Heads Up Concussion

What is a Concussion?

A concussion is a brain injury. Concussions are caused by a bump or blow to the head. Even a "ding," "getting your bell rung," or what seems to be a mild bump or blow to the head can be severe.Heads up Concussion

You can't see a concussion. A concussion's signs and symptoms can show up right aft the injury or may not appear or be noticed until days or weeks after the injury. If your child reports any concussion symptoms or if you notice the symptoms yourself, seek medical attention right away.

What are the signs and symptoms of a concussion?

Signs observed by parents or guardians -If your child has experienced and bump or blow to the head during a game or practice, look for any of the following signs and symptoms of a concussion:

  • Appears dazed or stunned
  • Is confused about assignment or position
  • Forgets an instruction
  • Is unsure of game, score, or opponent
  • Moves clumsily
  • Answers questions slowly
  • Loses consciousness (even briefly)
  • Show behavior or personality changes
  • Can't recall events prior to hit or fall
  • Can't  recall events after hit or fall

Symptoms reported by the athlete

  • Headache or "pressure" in head
  • Nausea or vomiting
  • Balance problems or dizziness
  • Double or blurry vision
  • Sensitivity to light or noise
  • Feeling sluggish, hazy, foggy, or groggy
  • concentration or memory problems
  • Confusion
  • Do not "feel right."

How can you help your child prevent a concussion?

Every sport is different, but children can take steps to protect themselves from concussions.

  • Ensure they follow the coach's rules for safety and rules of the sport
  • Encourage them to practice good sportsmanship at all times.

What should you do if you think your child has a concussion?

  1. Seek medical attention right away.
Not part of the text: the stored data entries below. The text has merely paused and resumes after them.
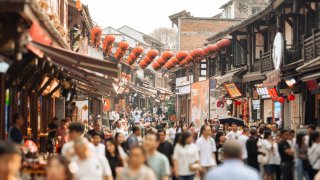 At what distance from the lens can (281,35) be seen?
2988 cm

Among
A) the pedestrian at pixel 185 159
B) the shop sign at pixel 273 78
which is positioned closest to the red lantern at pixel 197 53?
the shop sign at pixel 273 78

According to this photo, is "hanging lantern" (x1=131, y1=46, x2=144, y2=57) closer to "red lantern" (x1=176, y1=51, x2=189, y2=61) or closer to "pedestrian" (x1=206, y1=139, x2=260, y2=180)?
"red lantern" (x1=176, y1=51, x2=189, y2=61)

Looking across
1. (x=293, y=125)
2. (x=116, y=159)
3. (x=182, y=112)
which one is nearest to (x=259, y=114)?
(x=293, y=125)

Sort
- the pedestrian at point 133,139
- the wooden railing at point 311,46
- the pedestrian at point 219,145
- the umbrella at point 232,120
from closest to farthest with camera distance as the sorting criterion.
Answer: the pedestrian at point 133,139 < the pedestrian at point 219,145 < the wooden railing at point 311,46 < the umbrella at point 232,120

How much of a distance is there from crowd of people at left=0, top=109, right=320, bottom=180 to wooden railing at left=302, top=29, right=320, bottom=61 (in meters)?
3.78

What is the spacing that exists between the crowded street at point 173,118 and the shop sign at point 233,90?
→ 8 cm

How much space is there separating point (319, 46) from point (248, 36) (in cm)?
1509

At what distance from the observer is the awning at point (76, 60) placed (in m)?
14.9

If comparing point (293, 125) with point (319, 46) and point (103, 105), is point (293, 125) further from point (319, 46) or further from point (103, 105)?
point (103, 105)

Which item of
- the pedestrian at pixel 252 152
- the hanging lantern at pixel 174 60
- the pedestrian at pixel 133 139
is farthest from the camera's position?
the hanging lantern at pixel 174 60

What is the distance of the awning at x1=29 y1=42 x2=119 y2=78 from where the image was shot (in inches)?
588

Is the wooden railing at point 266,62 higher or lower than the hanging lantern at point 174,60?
lower

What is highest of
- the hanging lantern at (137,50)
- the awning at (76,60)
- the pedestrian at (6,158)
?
the hanging lantern at (137,50)

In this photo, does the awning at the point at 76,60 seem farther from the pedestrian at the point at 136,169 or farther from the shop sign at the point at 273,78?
the shop sign at the point at 273,78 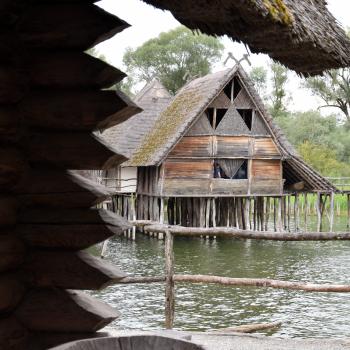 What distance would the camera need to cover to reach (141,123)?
30.3 metres

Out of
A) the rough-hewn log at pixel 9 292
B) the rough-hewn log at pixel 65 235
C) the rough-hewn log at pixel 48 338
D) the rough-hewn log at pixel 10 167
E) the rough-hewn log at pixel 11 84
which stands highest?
the rough-hewn log at pixel 11 84

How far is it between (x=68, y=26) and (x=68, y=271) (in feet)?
4.01

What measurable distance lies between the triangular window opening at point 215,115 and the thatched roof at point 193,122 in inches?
29.2

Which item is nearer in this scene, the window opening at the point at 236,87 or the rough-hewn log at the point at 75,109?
the rough-hewn log at the point at 75,109

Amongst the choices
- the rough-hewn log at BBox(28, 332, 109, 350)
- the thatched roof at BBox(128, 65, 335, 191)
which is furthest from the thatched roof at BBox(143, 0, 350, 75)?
the thatched roof at BBox(128, 65, 335, 191)

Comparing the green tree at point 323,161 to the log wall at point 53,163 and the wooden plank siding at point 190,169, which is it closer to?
the wooden plank siding at point 190,169

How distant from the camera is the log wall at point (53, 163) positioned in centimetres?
342

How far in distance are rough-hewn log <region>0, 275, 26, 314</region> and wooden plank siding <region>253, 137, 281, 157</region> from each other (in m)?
23.2

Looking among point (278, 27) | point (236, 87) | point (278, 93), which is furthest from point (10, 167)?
point (278, 93)

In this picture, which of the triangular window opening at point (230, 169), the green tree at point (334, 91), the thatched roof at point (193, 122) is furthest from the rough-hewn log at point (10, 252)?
the green tree at point (334, 91)

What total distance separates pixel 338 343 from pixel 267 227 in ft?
74.1

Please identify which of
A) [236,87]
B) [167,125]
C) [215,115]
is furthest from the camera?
[167,125]

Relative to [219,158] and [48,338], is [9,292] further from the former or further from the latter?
[219,158]

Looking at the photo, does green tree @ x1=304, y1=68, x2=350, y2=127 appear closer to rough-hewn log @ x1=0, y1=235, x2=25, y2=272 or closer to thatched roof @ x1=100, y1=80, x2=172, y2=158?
thatched roof @ x1=100, y1=80, x2=172, y2=158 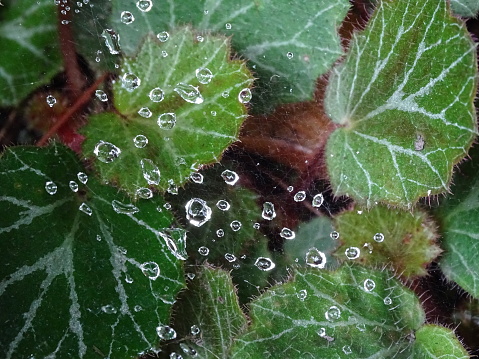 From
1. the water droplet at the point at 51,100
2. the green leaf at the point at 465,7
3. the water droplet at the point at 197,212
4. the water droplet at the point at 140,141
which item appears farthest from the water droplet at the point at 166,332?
the green leaf at the point at 465,7

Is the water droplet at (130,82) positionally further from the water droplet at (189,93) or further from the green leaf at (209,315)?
the green leaf at (209,315)

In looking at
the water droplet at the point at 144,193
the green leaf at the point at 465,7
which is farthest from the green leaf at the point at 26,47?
the green leaf at the point at 465,7

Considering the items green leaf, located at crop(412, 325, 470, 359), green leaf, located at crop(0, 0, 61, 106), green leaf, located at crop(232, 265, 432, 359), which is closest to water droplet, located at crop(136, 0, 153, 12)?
green leaf, located at crop(0, 0, 61, 106)

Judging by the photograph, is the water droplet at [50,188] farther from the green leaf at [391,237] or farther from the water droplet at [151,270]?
the green leaf at [391,237]

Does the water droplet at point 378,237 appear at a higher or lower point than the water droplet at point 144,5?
lower

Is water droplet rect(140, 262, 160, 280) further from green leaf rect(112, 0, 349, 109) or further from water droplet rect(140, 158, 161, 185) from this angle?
green leaf rect(112, 0, 349, 109)

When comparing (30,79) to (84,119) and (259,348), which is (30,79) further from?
(259,348)

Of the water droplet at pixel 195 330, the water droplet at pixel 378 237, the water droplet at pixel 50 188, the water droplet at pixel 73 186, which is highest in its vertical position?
the water droplet at pixel 378 237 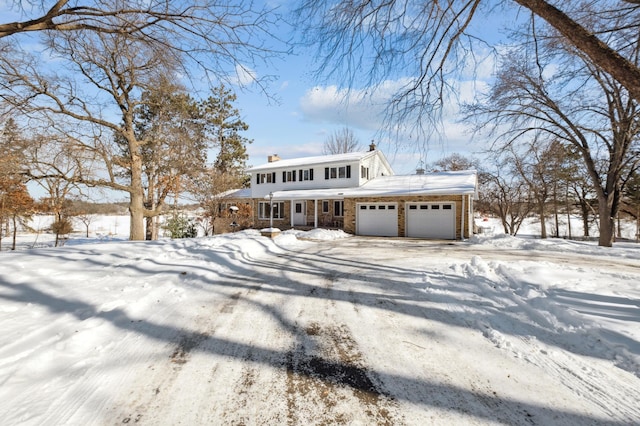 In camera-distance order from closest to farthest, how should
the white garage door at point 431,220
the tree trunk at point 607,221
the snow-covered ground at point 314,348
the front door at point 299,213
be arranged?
the snow-covered ground at point 314,348, the tree trunk at point 607,221, the white garage door at point 431,220, the front door at point 299,213

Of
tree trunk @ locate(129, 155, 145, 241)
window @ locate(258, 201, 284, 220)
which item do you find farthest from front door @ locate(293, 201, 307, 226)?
tree trunk @ locate(129, 155, 145, 241)

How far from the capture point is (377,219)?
17.0 m

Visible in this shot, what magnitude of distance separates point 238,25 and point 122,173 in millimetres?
17570

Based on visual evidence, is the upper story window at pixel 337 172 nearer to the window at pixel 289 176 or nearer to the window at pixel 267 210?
the window at pixel 289 176

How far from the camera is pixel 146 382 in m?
2.34

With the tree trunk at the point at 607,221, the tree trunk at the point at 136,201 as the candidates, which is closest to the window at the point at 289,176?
the tree trunk at the point at 136,201

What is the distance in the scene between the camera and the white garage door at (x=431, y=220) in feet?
49.4

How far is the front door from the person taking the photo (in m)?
21.3

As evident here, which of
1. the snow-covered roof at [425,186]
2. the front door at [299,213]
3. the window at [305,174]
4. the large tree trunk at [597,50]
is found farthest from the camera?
the window at [305,174]

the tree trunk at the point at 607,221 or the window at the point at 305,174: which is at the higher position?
the window at the point at 305,174

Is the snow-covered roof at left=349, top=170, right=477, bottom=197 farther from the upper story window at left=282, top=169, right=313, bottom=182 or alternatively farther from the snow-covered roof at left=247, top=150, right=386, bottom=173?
the upper story window at left=282, top=169, right=313, bottom=182

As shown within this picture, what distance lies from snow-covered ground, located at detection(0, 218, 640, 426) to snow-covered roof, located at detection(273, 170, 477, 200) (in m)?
9.90

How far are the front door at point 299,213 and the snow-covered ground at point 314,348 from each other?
15.7 m

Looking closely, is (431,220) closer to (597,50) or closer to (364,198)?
(364,198) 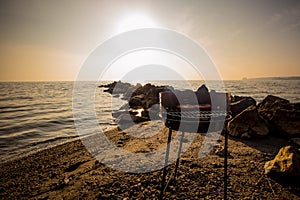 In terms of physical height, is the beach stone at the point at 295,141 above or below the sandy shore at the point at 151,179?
above

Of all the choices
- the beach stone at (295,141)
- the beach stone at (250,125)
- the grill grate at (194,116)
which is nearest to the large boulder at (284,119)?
the beach stone at (295,141)

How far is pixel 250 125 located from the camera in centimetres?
755

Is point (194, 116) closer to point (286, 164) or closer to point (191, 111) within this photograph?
point (191, 111)

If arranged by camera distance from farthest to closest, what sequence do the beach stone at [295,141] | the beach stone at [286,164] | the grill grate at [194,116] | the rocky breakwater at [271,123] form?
the rocky breakwater at [271,123], the beach stone at [295,141], the beach stone at [286,164], the grill grate at [194,116]

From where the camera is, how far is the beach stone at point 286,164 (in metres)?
4.00

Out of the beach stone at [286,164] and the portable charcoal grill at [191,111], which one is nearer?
the portable charcoal grill at [191,111]

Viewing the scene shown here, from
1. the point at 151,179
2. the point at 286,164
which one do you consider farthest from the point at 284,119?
the point at 151,179

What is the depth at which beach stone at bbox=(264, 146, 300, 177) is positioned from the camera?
13.1 feet

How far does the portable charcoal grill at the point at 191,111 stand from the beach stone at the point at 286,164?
6.61 feet

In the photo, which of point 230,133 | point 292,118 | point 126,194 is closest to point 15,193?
point 126,194

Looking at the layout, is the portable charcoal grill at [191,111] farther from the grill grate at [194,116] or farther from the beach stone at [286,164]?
the beach stone at [286,164]

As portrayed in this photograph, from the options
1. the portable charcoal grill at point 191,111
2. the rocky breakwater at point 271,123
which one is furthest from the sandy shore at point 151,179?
the portable charcoal grill at point 191,111

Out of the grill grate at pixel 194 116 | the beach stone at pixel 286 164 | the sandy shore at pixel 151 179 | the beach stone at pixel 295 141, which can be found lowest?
the sandy shore at pixel 151 179

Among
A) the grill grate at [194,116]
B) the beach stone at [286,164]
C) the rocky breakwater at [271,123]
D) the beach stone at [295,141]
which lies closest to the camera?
the grill grate at [194,116]
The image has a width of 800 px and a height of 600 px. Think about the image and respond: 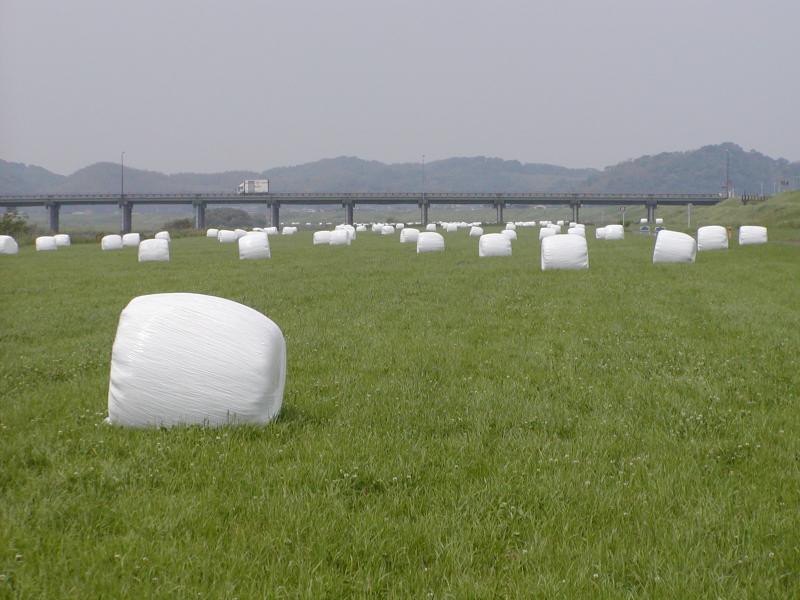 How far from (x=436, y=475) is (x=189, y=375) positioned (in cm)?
303

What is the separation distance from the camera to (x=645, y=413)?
842 centimetres

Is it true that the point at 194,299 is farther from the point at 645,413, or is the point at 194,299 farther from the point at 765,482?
the point at 765,482

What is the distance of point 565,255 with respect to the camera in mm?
25719

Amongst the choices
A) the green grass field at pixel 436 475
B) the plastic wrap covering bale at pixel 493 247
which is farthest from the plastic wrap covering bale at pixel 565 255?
the green grass field at pixel 436 475

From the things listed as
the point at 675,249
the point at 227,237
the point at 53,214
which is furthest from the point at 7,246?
the point at 53,214

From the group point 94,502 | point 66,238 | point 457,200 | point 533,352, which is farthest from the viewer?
point 457,200

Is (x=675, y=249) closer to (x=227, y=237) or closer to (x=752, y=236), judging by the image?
(x=752, y=236)

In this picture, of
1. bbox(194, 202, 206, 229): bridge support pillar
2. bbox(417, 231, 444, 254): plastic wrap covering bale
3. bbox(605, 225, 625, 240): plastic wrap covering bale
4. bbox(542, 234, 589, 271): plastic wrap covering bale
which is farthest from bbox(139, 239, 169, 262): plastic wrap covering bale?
bbox(194, 202, 206, 229): bridge support pillar

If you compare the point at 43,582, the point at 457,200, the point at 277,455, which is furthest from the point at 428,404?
the point at 457,200

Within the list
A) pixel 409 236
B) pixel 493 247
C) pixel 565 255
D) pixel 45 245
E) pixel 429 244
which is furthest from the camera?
pixel 409 236

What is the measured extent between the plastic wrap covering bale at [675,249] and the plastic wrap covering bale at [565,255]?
474cm

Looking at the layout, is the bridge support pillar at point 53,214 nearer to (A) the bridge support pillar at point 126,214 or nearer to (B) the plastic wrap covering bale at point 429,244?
(A) the bridge support pillar at point 126,214

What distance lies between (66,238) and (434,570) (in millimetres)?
70115

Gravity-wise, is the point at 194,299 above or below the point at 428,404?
above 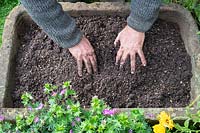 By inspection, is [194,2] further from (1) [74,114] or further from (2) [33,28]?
(1) [74,114]

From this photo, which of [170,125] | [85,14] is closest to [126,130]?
[170,125]

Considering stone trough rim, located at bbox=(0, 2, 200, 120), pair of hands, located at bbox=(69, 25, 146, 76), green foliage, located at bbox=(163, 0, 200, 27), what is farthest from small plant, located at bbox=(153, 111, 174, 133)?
green foliage, located at bbox=(163, 0, 200, 27)

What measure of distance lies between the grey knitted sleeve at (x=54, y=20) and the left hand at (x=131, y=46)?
0.21 meters

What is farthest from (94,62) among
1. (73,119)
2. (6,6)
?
(6,6)

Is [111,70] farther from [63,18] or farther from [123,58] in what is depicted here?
[63,18]

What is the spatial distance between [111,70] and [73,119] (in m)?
0.42

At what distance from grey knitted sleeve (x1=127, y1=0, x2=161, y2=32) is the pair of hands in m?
0.05

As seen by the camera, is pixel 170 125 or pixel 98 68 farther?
pixel 98 68

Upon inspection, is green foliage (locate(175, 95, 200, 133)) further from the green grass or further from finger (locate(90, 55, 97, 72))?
the green grass

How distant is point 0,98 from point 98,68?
455 millimetres

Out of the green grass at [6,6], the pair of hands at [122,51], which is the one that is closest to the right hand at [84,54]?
the pair of hands at [122,51]

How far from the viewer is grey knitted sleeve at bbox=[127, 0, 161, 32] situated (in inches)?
74.5

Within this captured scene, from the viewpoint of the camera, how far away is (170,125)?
162cm

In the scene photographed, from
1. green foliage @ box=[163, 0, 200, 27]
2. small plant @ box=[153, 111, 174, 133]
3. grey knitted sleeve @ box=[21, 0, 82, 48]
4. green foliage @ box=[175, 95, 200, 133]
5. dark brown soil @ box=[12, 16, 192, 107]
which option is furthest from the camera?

A health care professional with knowledge in concussion management will be able to decide how severe the concussion is and when it is safe for your child to return to sports.
  2. Keep your child out of play. Concussions take time to heal. Don't let your child return to play on the same day the injury occurred and until a health care professional says it's ok. Children who return to play too soon-while the brain is still healing-risk a greater chance of a second concussion. Second or later, concussions can be severe. They can cause permanent brain damage, affecting your child for a lifetime.
  3. Tell your child's coach about any recent concussion. Coaches should know if your child had a recent concussion in any sport. Unless you tell the coach, your child's coach may not know about a concussion your child received in another sport or activity.